Knowing the symmetry of a complex confers information about the 3-D arrangement of the subunits that is not provided by the graph representation. For example, there are two symmetric ways to arrange the subunits of a homotetramer. One is with a cyclic symmetry, in which the four subunits are related by a single 4-fold axis, called C4 symmetry, as shown in Figure 6. The other is a dihedral symmetry in which the four subunits are related by three 2-fold axes, called D2 symmetry (Figure 6). A priori, one cannot distinguish the two symmetry types from the graph representation alone. To assess whether the graph representation suffices to account for the spatial arrangement of the subunits, we asked whether QSs might contain complexes with different symmetries.
We calculated the symmetries and pseudosymmetries for all structures, as described briefly above and in detail in Methods. We classify complexes into two categories related to symmetry. We distinguish between complexes that can or cannot be symmetrical on the basis of their polypeptide chain composition. For example, homodimers can be symmetrical, while heterodimers of nonhomologous chains cannot. This is explained in more detail in Methods. Furthermore, QSs with multiple complexes can contain several different symmetry types, while those with just one complex clearly cannot.
We will see below that only a small fraction of QSs contain complexes with different symmetries, which provides support for our use of the 2-D graph representation for comparison of 3-D complexes. In other words, in most cases, a single QS graph represents complexes that all have the same symmetry type.
First, we looked for disagreement in the symmetries amongst complexes within a QS to identify errors or unusual complexes. Among the 841 QSs with a possible symmetry and containing multiple complexes, we found that 109 QSs (13%) contained mixed symmetry types. A manual inspection revealed that 93 of these cases are in fact due to a mix between presence and absence of symmetry in the complexes of each QS. The reason for the absence of symmetry is either biological, for example due to a conformational change (16 cases), or due to an error in the PDB Biological Unit (42 cases). There were also two cases of a false negative result in our symmetry search procedure and 33 ambiguous cases that we were unable to resolve. There are a further 16 QSs with two different symmetry types. Of these, seven are true biological cases, five are errors in the PDB Biological Unit, and three are unresolved. The PDB codes of likely erroneous Biological Units are provided in Table S2A and S2B.
In addition to mixed symmetries, further criteria to filter for errors can be derived from the representation of a protein complex as a graph. For example, in homomeric complexes, in which all the subunits are identical, all chains are expected to have the same number of interfaces. The graph representation allowed us to identify cases where this requirement is not satisfied.

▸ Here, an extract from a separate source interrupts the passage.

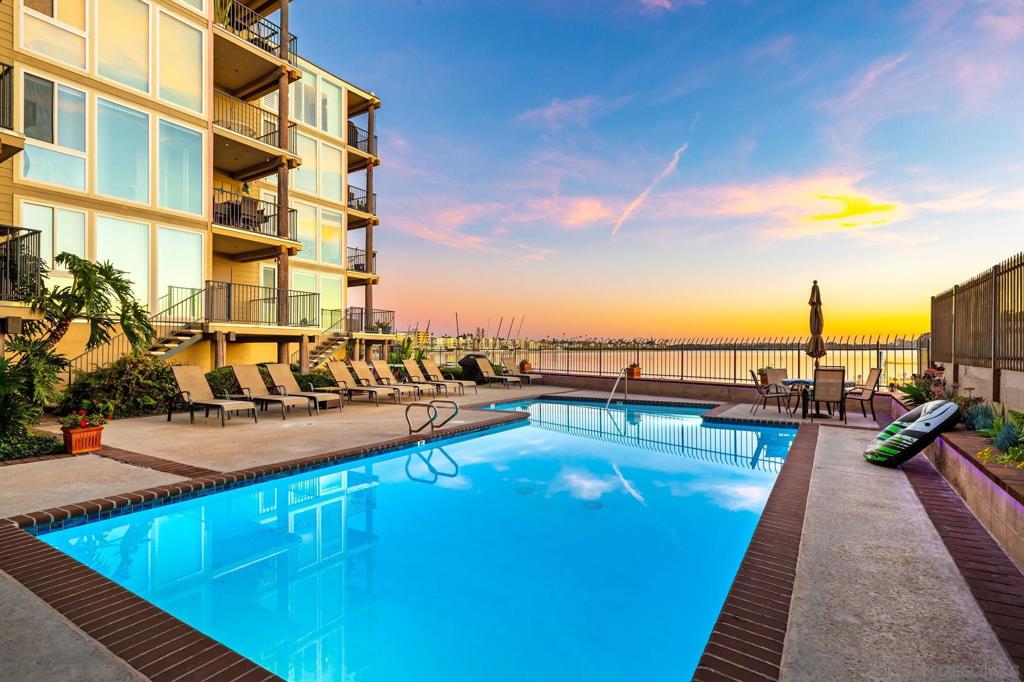 1221 Parker Pl - photo 3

A difference in the number of interfaces of the subunits within a homomeric complex can be biological and is associated with conformational changes in most cases. An example is the hexameric prokaryotic Rho transcription termination factor (PDB 1pv4), which forms an open ring resulting in a linear graph topology in its unbound state . The ring closes upon RNA binding, and so presumably in this state all subunits form two interfaces.
However, in some cases, the asymmetrical graph topology of homomeric complexes corresponds to an error in the definition of the PDB Biological Unit. In Figure 3C, we show four different QS topologies and the number of wrongly defined biological units associated with them. We provide the PDB identifiers of the erroneous cases in Table S2C. In Table S2D we provide the identifiers of 62 possible additional errors found during searches described above, but for which support from literature was not available.
The PDB and the PQS servers are the only resources that provide information on Biological Units of crystallographic structures. An essential difference between these two resources is that PDB Biological Units are partially manually curated, whereas those from PQS are generated in an entirely automated manner. It is therefore interesting to compare the extent of agreement between the two databases.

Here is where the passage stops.